**TRY IT**
This exercise calls for the line with "Holiday Inn Express", the line with "కృతిశెట్టికి మరో మెగా", and all lines between them in the material below, output exactly and with no other lines.

**DATA SHOWN**

···

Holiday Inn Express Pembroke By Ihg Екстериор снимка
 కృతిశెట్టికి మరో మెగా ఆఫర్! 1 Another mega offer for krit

···

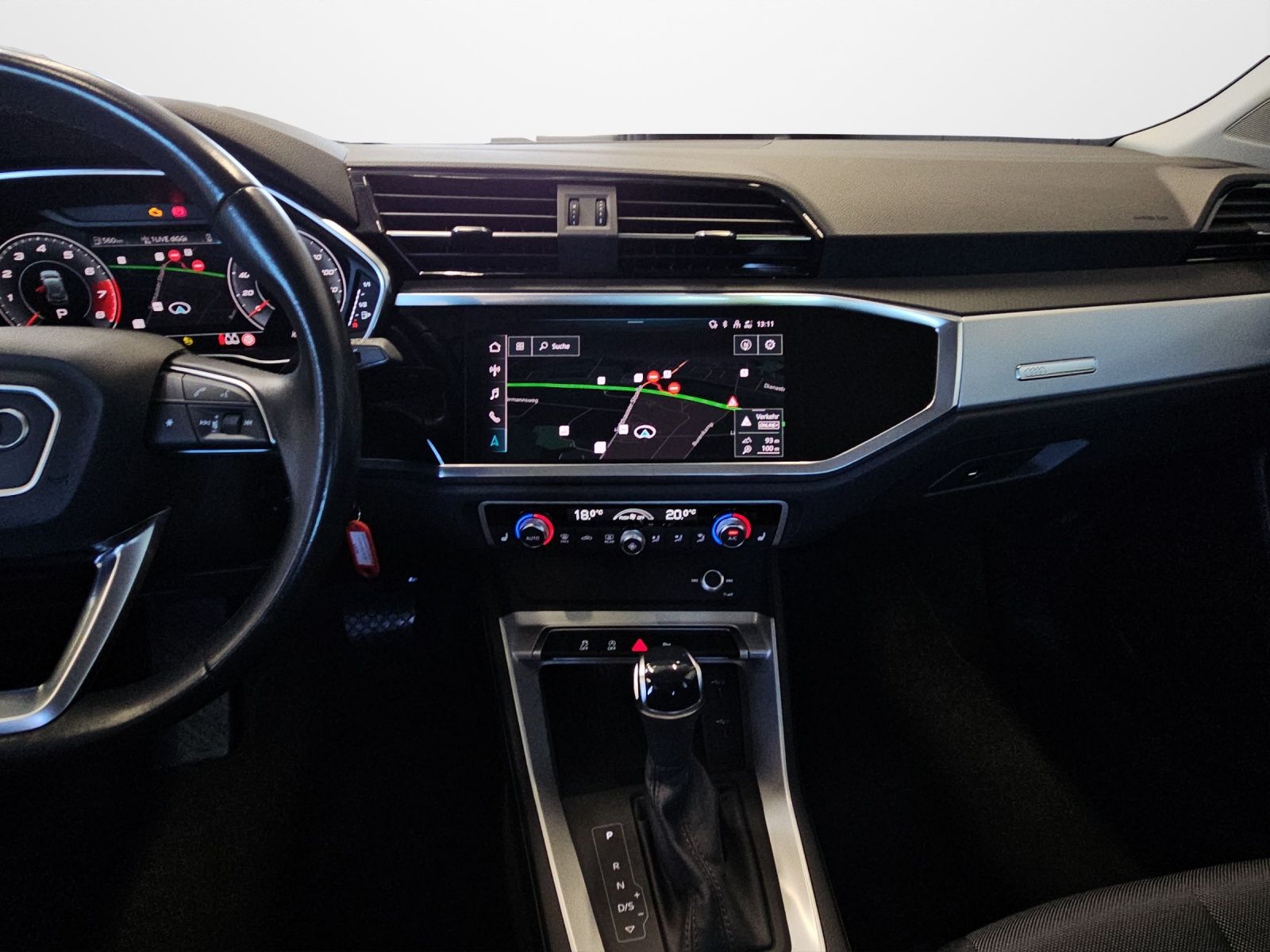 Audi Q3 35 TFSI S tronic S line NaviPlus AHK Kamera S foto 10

···

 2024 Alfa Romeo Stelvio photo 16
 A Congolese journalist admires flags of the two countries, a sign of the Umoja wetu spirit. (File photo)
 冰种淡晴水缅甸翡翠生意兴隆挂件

···

**WRITTEN SOLUTION**
Holiday Inn Express Pembroke By Ihg Екстериор снимка
 కృతిశెట్టికి మరో మెగా ఆఫర్! 1 Another mega offer for krit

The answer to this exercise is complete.